IEEE Circuits and Systems Magazine - Q3 2020 - 5

Abstract
The TinyML paradigm proposes to integrate Machine Learning
(ML)-based mechanisms within small objects powered by Microcontroller Units (MCUs). This paves the way for the development of novel applications and services that do not need the
omnipresent processing support from the cloud, which is power
consuming and involves data security and privacy risks. In this
work, a comprehensive review of the novel TinyML ecosystem is provided. The related challenges and opportunities are
identified and the potential services that will be enabled by the
development of truly smart frugal objects are discussed. As a
main contribution of this paper, a detailed survey of the available
-TinyML frameworks for integrating ML algorithms within MCUs
is provided. Besides, aiming at illustrating the given discussion,
a real case study is presented. Concretely, we propose a multiRadio Access Network (RAT) architecture for smart frugal objects. The issue of selecting the most adequate communication
interface for sending sporadic messages considering both the
status of the device and the characteristics of the data to be
sent is addressed.

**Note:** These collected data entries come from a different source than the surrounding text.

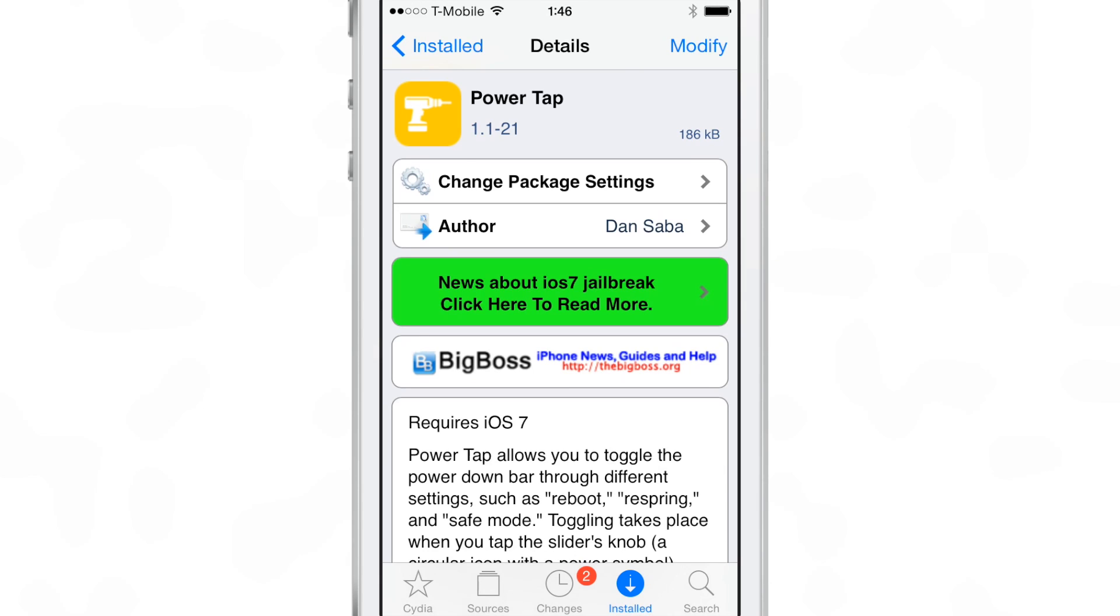It is called PowerTap. It's free on Cydia's Big Boss Repo. Let me know what you think in the comment section. This is Jeff with iDownload Blog.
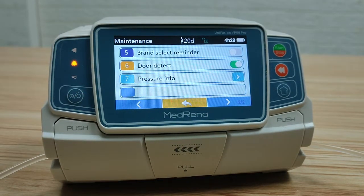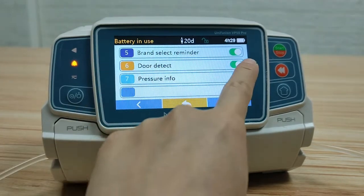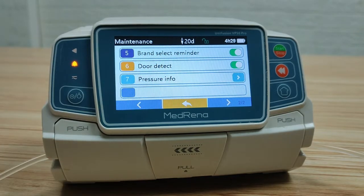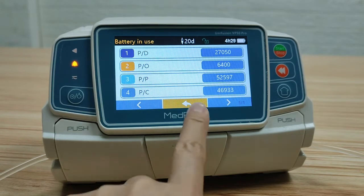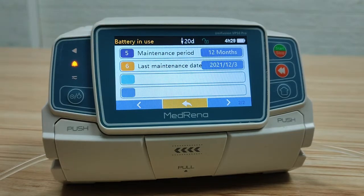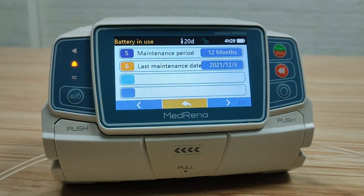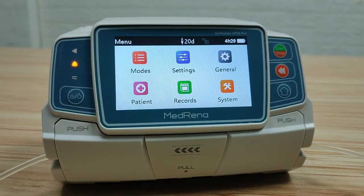Brand select reminder: by selecting on, the pump will ask the user to select the infusion set brand after the infusion set is installed. Door detect: selecting on enables the micro door detection sensor inside the pump door to detect whether the door is well closed and locked — if not, it will trigger an alarm. Pressure sensor: here we can find the pressure values. The last two settings are the maintenance period and last maintenance days, where we can find maintenance information about this pump. Now we have finished the introduction of various settings of the Medrina infusion pump.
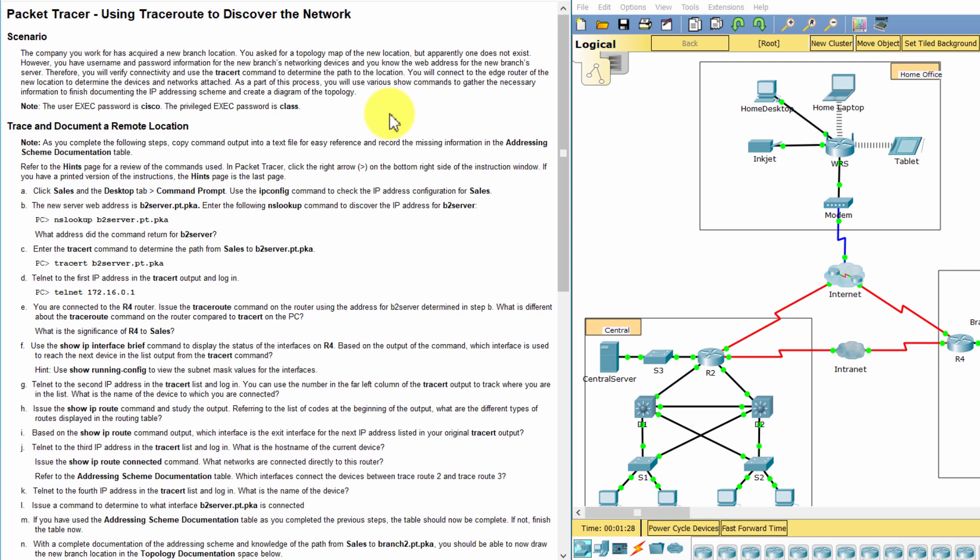You will connect to the edge router of the new location to determine the devices and networks attached. As part of this process, you will use various show commands to gather the necessary information to finish documenting the IP addressing scheme and create a diagram of the topology. Let's get started.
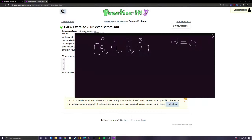This index variable keeps track of how many even numbers we have so we can put them all in the front of the array. The index determines where the even numbers are going to go. The first even number we see we'll put at index 0 — the front of the array — and the next one we see we'll put at index 1, so we don't replace the even number we already placed there.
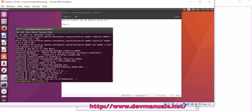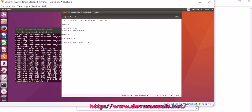So it installed NS2 on Ubuntu 16.04 LTS. Thanks for watching the video and subscribe to our channel.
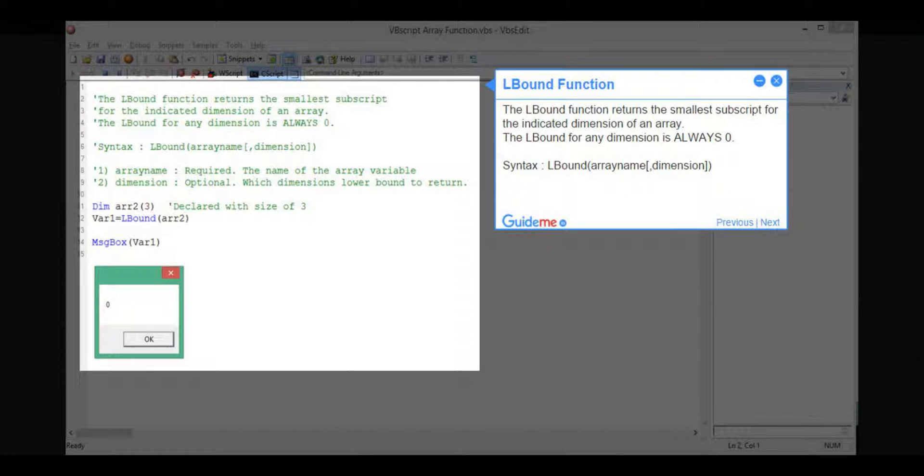Step 5, LBound Function. The LBound Function returns the smallest subscript for the indicated dimension of an array. The LBound for any dimension is always 0. Syntax: LBound(ArrayName, Dimension).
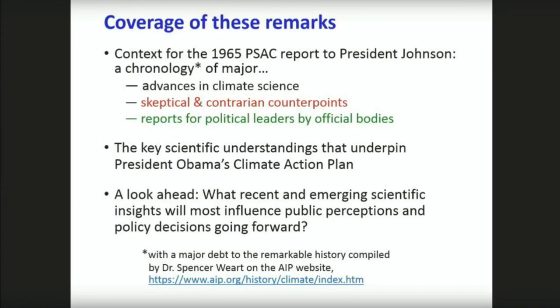I'm going to cover a lot of ground today. I'm going to put more words on the screen than I'm going to talk to you about. Wordy PowerPoints are my favorite way of making presentations because I can post the PowerPoint afterwards in lieu of a text. And we will do that here — this will be posted later today on the OSTP website at the White House, and AAAS may post it as well. As you can see here, there are three major parts to this talk.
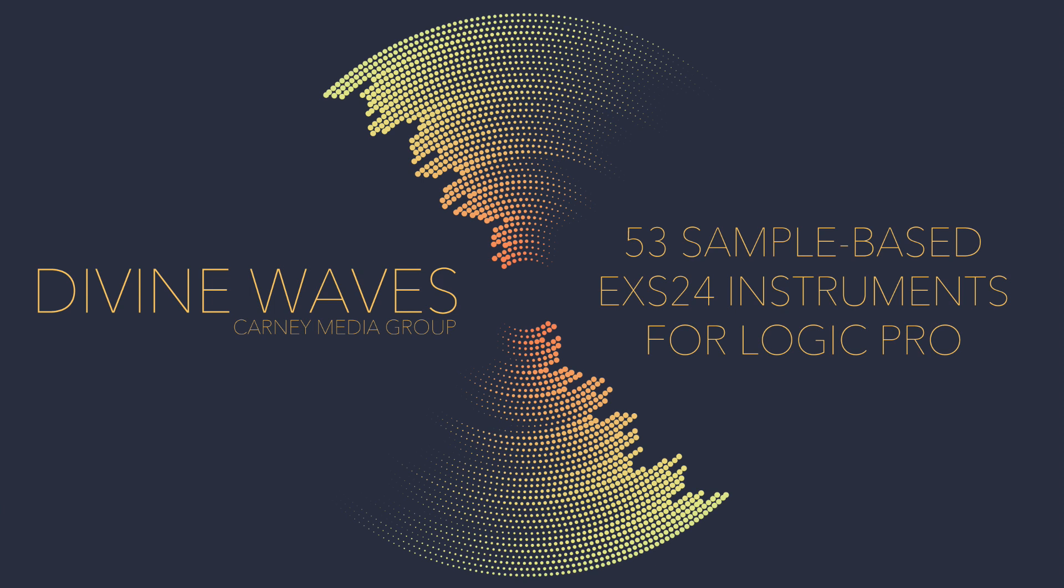Hey everyone, this is Josh Carney from Carney Media Group and the Music Tech Help Guy YouTube channel. In this video, I'll show you how to install the Divine Waves EXS-24 instrument collection that I've developed for Logic Pro X.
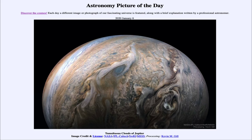So that was our Astronomy Picture of the Day for January 6th, 2020, titled Tumultuous Clouds of Jupiter. We'll be back again tomorrow for the next picture, previewed to be Star Flame, so we'll see what that is about tomorrow. Until then, have a great day everyone, and I will see you in class.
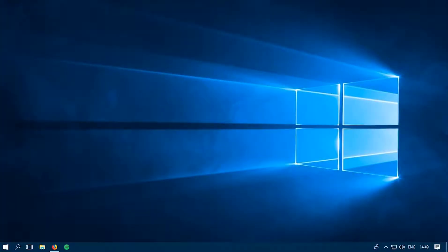Hey, what is up everybody, welcome back to my channel. It's been a really long time — I have not made a video since two weeks ago, sorry for that. Today in this video I'm going to teach you how to download freaking awesome wallpapers instead of using just the default Windows 10 wallpaper.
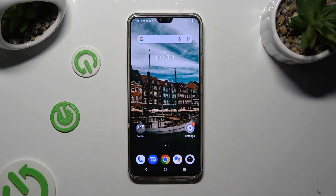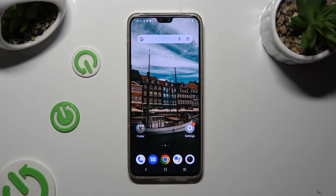Hi, in front of me is Vivo V23 and today I would like to show you how you can select and delete multiple photos at once.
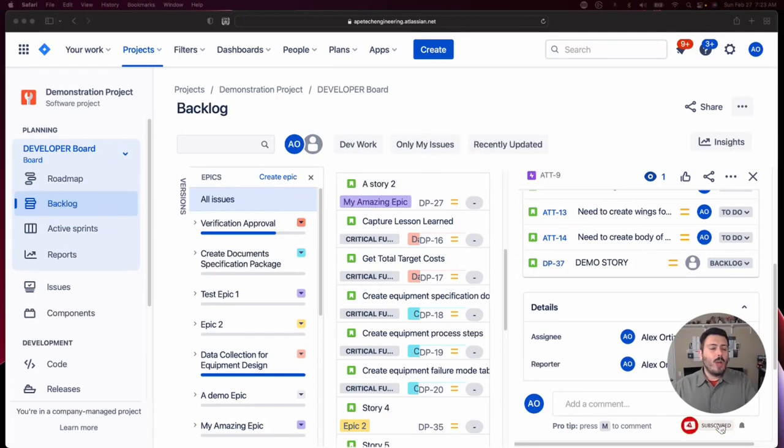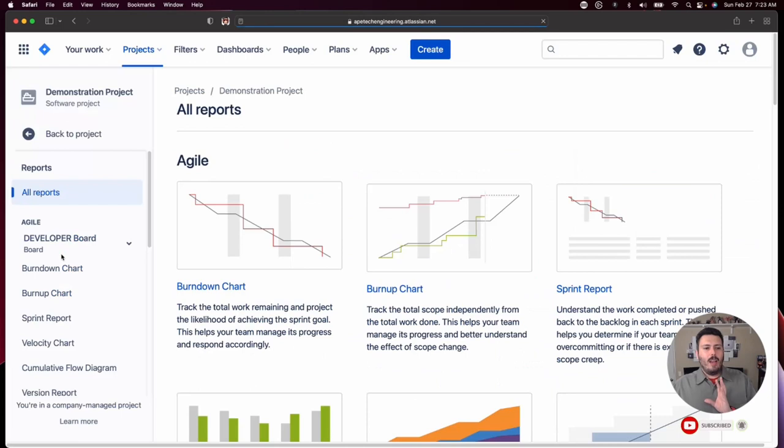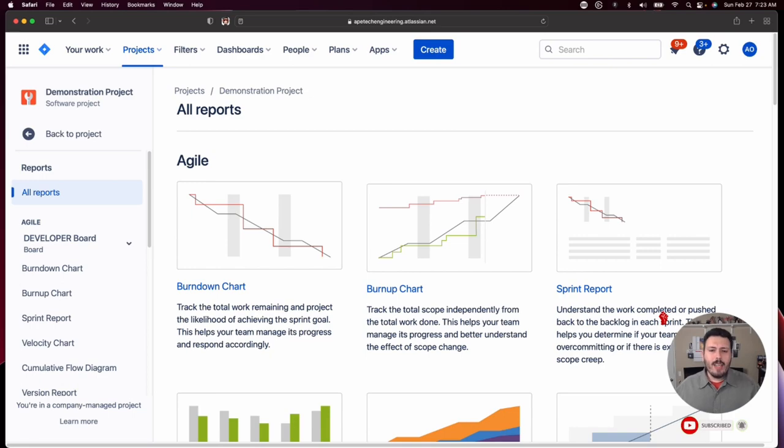So if you go to any board, specifically a scrum board, you're going to have reports. I work with a lot of executives and a lot of stakeholders that want to know what's the health and status of my project. I have a million dollar budget, I have a specific schedule. Executives are usually in a very waterfall mentality, and they want to have waterfall style metrics.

To this end, several TinyML frameworks are
evaluated and the performances of a number of ML algorithms
embedded in an Arduino Uno board are analyzed. The attained
results reveal the validity of the TinyML approach, which successfully enables the integration of techniques such as Neural
Networks (NNs), Support Vector Machine (SVM), decision trees,
or Random Forest (RF) in frugal objects with constrained hardware resources. The outcomes also show promising results in
terms of algorithm's accuracy and computation performance.

I. Introduction
achine Learning (ML) has revolutionized our
way of understanding the world by enabling the
inference of valuable information and knowledge
from huge amount of data, so far invisible to human eye.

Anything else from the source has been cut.